In all the time I've enjoyed video games, it wasn't thanks to the "clever" marketing angles the industry has relied on. All of the sex and violence and toilet humor in the world couldn't get me to shell out $60 for one game over another. The bottom line is the gameplay and whether there's something worthwhile in the experience. The games sell themselves and no amount of "Happy, Together" can change that.
So I'm disappointed in Sony's move to sue their former VP of Everything, Kevin Butler. What?! No! How could they do that? Because Sony loves to sue people. It's their thing now, apparently.
I'm disappointed because a man that did right by Sony finished his job, collected his check, and continued making money in his trade, but Sony feels the need to call him down to have a chat with the corporate legal team. It's the same tactics they used with George Hotz, but at least that dumbass had the spanking coming.

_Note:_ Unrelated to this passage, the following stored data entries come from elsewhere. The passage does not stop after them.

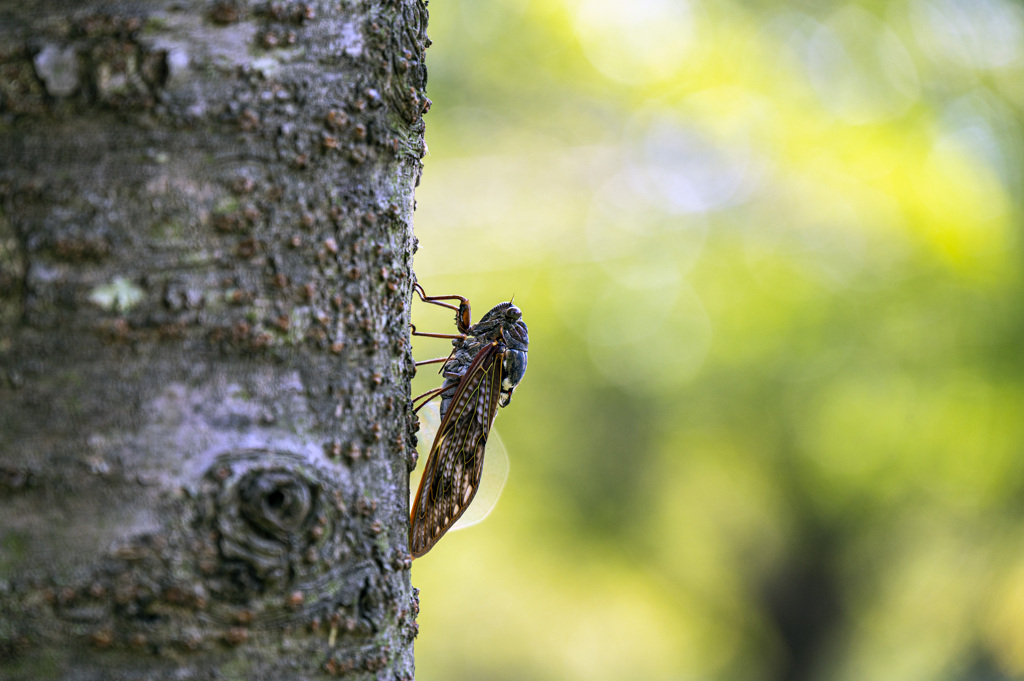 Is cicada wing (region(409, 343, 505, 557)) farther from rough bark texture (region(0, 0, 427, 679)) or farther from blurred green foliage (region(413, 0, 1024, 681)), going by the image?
blurred green foliage (region(413, 0, 1024, 681))

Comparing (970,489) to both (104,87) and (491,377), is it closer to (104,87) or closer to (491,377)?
(491,377)

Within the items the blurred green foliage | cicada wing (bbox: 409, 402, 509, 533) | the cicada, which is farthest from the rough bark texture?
the blurred green foliage

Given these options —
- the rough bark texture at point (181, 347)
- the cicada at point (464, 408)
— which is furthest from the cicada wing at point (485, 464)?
the rough bark texture at point (181, 347)

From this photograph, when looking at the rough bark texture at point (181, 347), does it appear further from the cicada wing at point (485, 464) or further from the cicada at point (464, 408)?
the cicada wing at point (485, 464)

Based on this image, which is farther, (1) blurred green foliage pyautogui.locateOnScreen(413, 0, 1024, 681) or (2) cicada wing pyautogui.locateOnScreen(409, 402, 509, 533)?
(1) blurred green foliage pyautogui.locateOnScreen(413, 0, 1024, 681)

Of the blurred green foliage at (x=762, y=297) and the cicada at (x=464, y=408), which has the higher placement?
the blurred green foliage at (x=762, y=297)

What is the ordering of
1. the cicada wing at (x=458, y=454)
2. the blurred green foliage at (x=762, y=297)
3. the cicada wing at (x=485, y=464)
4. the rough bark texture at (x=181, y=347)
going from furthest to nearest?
1. the blurred green foliage at (x=762, y=297)
2. the cicada wing at (x=485, y=464)
3. the cicada wing at (x=458, y=454)
4. the rough bark texture at (x=181, y=347)
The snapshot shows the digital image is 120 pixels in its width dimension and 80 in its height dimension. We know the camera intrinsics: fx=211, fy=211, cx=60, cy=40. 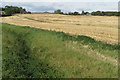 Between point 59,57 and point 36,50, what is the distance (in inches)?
133

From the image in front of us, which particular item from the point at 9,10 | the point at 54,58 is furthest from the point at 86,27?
the point at 9,10

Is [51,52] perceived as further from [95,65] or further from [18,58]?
[95,65]

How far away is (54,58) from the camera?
20375 mm

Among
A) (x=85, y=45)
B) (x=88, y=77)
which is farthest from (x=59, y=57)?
(x=88, y=77)

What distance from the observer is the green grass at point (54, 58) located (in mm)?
17000

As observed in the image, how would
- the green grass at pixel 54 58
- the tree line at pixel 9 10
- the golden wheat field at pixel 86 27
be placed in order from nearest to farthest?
the green grass at pixel 54 58 < the golden wheat field at pixel 86 27 < the tree line at pixel 9 10

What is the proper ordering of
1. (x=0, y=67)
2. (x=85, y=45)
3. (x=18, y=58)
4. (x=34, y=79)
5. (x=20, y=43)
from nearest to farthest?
(x=34, y=79), (x=0, y=67), (x=18, y=58), (x=85, y=45), (x=20, y=43)

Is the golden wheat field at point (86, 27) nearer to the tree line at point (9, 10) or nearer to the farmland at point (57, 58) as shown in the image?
the farmland at point (57, 58)

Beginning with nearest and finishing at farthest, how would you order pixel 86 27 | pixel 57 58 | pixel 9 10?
pixel 57 58 < pixel 86 27 < pixel 9 10

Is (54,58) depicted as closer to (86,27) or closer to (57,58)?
(57,58)

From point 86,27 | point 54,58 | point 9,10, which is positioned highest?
point 9,10

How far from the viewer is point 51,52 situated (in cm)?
2155

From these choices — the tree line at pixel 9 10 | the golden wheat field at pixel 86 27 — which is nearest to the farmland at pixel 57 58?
the golden wheat field at pixel 86 27

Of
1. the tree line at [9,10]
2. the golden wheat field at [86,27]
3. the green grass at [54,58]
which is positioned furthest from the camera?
the tree line at [9,10] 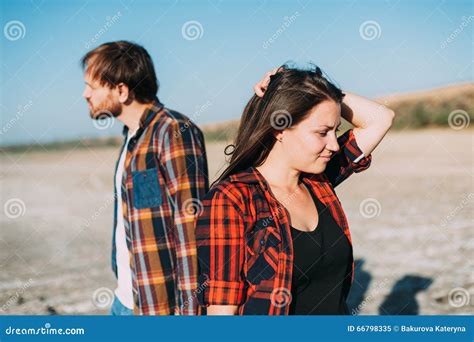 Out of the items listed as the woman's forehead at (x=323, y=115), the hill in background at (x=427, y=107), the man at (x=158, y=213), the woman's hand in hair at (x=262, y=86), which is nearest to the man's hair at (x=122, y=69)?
the man at (x=158, y=213)

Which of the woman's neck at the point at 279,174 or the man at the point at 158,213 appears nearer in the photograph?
the woman's neck at the point at 279,174

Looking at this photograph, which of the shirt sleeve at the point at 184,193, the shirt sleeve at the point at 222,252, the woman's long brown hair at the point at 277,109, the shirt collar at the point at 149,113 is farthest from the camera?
the shirt collar at the point at 149,113

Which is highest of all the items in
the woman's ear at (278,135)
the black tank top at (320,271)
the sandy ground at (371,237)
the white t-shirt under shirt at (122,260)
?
the woman's ear at (278,135)

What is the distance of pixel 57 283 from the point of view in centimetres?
744

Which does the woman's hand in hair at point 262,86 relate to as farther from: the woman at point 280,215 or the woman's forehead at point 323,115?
the woman's forehead at point 323,115

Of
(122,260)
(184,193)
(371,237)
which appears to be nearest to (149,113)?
(184,193)

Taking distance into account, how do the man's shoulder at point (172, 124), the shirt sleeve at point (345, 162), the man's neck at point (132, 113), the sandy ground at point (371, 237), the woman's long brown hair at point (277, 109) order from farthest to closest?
the sandy ground at point (371, 237), the man's neck at point (132, 113), the man's shoulder at point (172, 124), the shirt sleeve at point (345, 162), the woman's long brown hair at point (277, 109)

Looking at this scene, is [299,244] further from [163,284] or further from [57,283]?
[57,283]

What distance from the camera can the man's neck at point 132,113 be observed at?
11.5ft

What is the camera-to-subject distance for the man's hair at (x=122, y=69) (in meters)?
3.50

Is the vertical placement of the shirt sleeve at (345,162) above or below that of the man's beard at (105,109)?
below

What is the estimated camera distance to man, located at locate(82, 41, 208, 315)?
3.12 metres

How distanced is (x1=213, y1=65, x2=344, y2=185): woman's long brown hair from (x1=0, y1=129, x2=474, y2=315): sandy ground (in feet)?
11.9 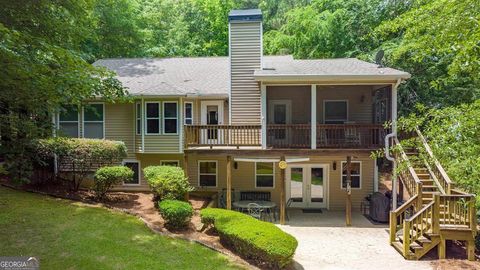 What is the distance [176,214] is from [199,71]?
9.49 m

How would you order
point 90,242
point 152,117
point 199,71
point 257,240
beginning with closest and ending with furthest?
1. point 257,240
2. point 90,242
3. point 152,117
4. point 199,71

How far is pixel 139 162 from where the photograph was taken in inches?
605

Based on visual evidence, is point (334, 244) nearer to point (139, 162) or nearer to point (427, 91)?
point (139, 162)

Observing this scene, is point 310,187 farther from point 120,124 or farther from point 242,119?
point 120,124

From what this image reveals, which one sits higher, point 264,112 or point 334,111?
point 334,111

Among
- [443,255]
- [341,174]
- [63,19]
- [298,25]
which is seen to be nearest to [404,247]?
[443,255]

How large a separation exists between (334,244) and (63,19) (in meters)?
10.3

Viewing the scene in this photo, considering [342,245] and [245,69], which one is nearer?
[342,245]

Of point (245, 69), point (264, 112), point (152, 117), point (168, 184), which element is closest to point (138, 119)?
point (152, 117)

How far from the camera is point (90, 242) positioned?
8.50 meters

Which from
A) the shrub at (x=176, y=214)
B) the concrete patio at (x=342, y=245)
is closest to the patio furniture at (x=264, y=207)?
the concrete patio at (x=342, y=245)

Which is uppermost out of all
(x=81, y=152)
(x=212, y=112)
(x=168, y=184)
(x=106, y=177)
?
(x=212, y=112)

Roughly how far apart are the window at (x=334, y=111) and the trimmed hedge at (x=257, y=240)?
24.8 feet

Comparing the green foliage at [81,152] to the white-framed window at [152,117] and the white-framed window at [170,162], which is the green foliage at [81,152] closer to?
the white-framed window at [152,117] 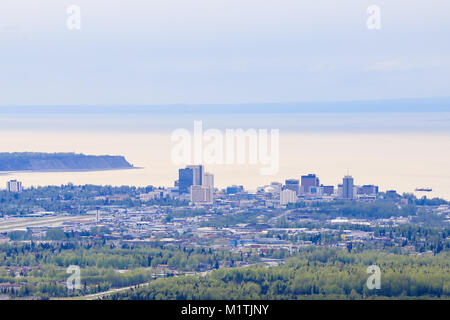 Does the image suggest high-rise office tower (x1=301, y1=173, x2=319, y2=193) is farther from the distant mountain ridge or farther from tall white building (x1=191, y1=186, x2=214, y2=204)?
the distant mountain ridge

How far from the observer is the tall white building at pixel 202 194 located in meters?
32.2

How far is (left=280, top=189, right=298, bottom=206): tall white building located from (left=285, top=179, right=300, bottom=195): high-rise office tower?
451 millimetres

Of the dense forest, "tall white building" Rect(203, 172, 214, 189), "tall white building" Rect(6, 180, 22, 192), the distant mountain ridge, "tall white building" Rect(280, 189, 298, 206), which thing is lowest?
the dense forest

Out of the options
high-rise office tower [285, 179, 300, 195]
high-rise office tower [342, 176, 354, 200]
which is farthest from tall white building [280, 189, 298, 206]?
high-rise office tower [342, 176, 354, 200]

In reality, actor Jerry Lambert is a regular guy, hired for his likeability and the vague sense of recognition you feel when you see him hucking Bridgestone tires or whatever he supposedly did to deserve the hanging party that's after him now. That's what gets me: Did Sony think he was going to retire on their short-lived shot at genuine humor? They effectively kill off a likeable, successful character and the guy playing him is supposed to ride off into the sunset?

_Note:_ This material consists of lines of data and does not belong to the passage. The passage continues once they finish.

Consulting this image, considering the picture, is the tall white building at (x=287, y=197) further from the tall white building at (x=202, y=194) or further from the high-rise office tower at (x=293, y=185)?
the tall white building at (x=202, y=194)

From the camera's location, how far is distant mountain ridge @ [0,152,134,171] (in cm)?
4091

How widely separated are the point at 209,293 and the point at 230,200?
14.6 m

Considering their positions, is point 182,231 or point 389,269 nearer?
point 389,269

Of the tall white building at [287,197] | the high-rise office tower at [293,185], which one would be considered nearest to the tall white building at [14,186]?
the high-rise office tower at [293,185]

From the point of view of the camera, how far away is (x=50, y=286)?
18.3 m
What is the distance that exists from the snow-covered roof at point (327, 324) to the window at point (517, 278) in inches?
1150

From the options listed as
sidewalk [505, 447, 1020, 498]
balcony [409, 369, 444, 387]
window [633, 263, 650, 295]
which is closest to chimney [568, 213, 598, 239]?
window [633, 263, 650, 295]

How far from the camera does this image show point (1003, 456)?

Let's say Lambert did the unthinkable and appeared in a commercial for Halo 4 and the Xbox 360 as… Fuck, I don't know, Vice President of Corporate Espionage. Say Lambert was so foolish as to switch teams 7 years into the apparent 10-year hardware cycle. The only thing this would accomplish is a tongue-in-cheek reminder of all the good Kevin Butler did for Sony.

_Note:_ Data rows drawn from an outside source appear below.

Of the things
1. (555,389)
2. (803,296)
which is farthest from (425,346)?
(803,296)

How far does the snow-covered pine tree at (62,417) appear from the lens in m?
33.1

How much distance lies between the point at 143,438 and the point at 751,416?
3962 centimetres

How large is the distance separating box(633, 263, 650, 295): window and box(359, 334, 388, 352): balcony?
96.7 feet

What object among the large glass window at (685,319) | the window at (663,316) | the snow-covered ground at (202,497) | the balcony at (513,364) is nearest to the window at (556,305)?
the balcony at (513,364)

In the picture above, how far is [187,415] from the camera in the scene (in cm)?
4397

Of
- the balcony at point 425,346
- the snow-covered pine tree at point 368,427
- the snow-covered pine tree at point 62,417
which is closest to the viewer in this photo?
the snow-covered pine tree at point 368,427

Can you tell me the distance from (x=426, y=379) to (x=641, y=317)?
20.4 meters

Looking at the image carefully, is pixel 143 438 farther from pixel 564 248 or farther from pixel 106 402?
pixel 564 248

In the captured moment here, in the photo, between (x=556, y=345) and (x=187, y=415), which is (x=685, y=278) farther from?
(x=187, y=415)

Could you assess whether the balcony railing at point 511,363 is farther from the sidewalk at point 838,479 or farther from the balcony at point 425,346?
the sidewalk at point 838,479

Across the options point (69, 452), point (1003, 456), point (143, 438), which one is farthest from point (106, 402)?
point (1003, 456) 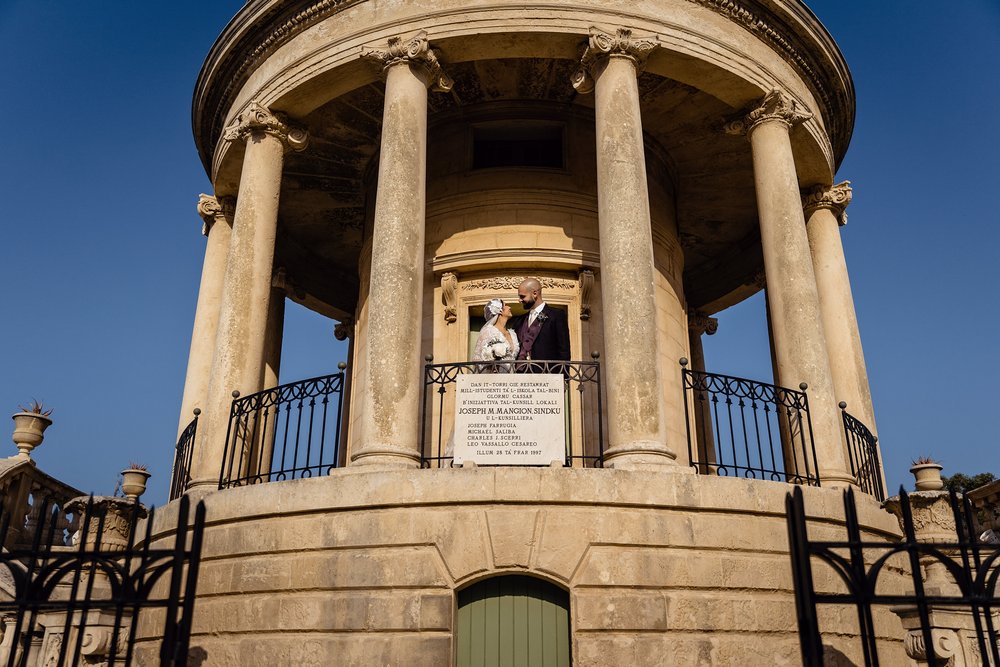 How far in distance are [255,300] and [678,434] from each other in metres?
8.13

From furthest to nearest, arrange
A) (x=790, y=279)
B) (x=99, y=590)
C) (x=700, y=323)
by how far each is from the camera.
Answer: (x=700, y=323), (x=790, y=279), (x=99, y=590)

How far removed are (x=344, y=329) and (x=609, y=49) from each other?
12973 millimetres

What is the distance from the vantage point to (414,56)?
1373 centimetres

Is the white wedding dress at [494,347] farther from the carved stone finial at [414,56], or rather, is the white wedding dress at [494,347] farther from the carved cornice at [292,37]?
the carved cornice at [292,37]

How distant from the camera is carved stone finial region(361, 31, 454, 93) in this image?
1372cm

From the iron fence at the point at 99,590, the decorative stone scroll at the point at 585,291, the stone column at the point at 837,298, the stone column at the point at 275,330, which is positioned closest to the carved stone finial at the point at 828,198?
the stone column at the point at 837,298

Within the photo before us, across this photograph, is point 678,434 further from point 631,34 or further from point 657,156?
point 631,34

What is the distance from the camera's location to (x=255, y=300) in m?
14.2

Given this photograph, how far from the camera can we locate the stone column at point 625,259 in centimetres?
1111

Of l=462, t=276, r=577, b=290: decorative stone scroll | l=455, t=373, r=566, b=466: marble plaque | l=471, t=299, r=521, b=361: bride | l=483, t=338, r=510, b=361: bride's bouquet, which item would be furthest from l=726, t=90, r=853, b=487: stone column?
l=483, t=338, r=510, b=361: bride's bouquet

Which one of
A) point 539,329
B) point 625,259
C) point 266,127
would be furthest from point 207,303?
point 625,259

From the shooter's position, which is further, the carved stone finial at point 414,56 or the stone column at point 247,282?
the carved stone finial at point 414,56

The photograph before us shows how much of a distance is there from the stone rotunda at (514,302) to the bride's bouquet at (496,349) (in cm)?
109

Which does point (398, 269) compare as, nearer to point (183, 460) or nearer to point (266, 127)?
point (266, 127) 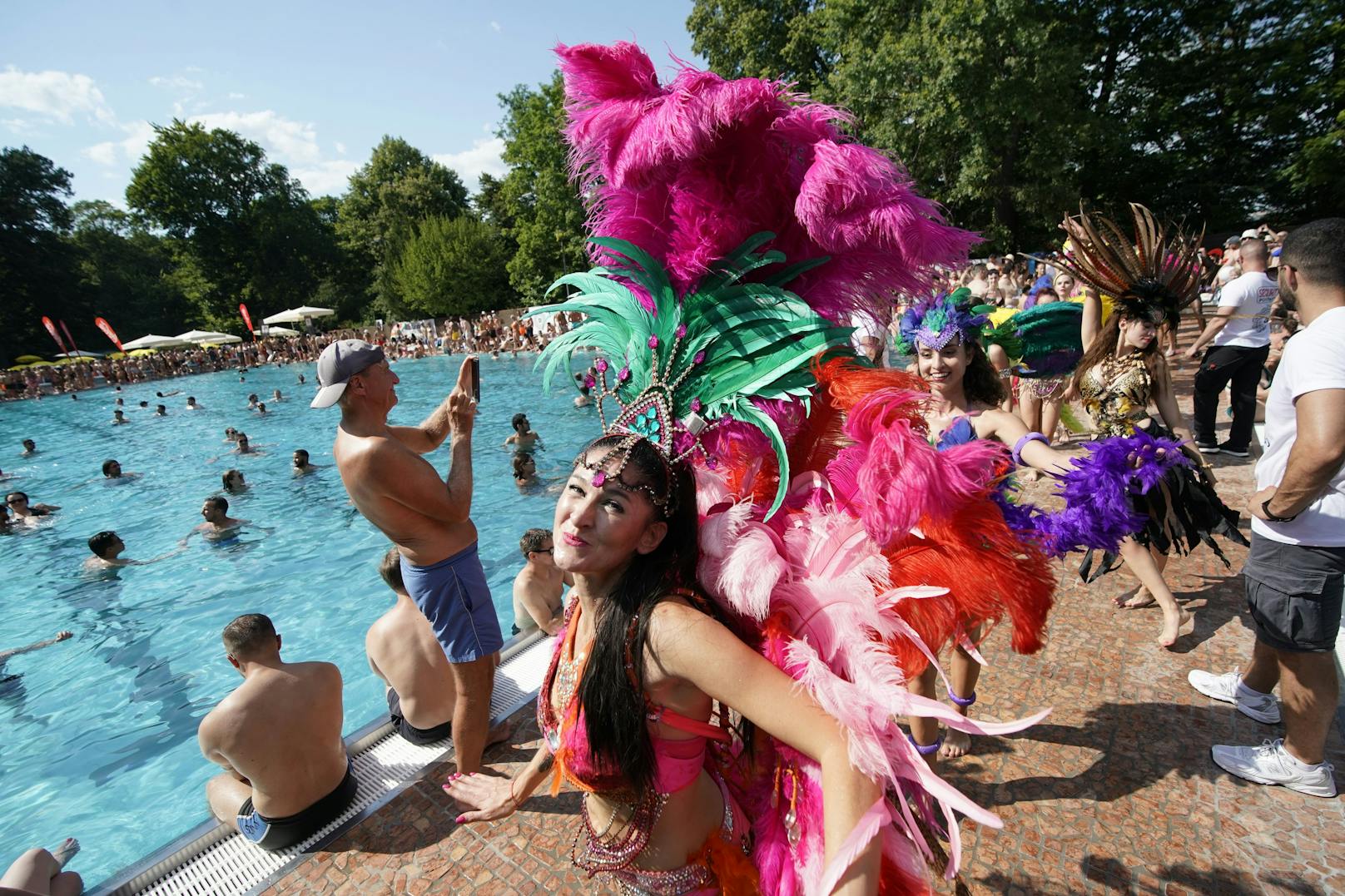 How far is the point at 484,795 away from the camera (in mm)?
2398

A truly successful ad campaign manages to leave the consumer with three things: a sense of time, of place, and of ownership. Kevin Butler delivered on all three of these fronts in ways that even loudmouth youth demographic stand-in Marcus never could. Butler will remain synonymous with the PlayStation 3 and the time period the console occupies. Sony will reap the continued loyalty of the people Butler spoke to. It doesn't hurt that Lambert's everyman portrayal made him the Gamer's guy, the one guy in the business everyone could relate to.
So unless this is all a front by Sony to maintain their "tough-guy" persona (too late Sony, you already squealed my credit card number to anyone willing to tweak your nipples hard enough), I'd say this is a losing move. Call off the dogs and maybe sit down with Lambert about some new work as the VP of everything. You kind of ruined the guy's gig with Bridgestone, so maybe it's time to return to the best thing your marketing department has ever done… ever.
Or whatever, I'm just a gamer with a choice in front of me. It's too bad Sony narrowed it down from "that software company" and "that hardware company" to a choice between two outright d-bag corporations.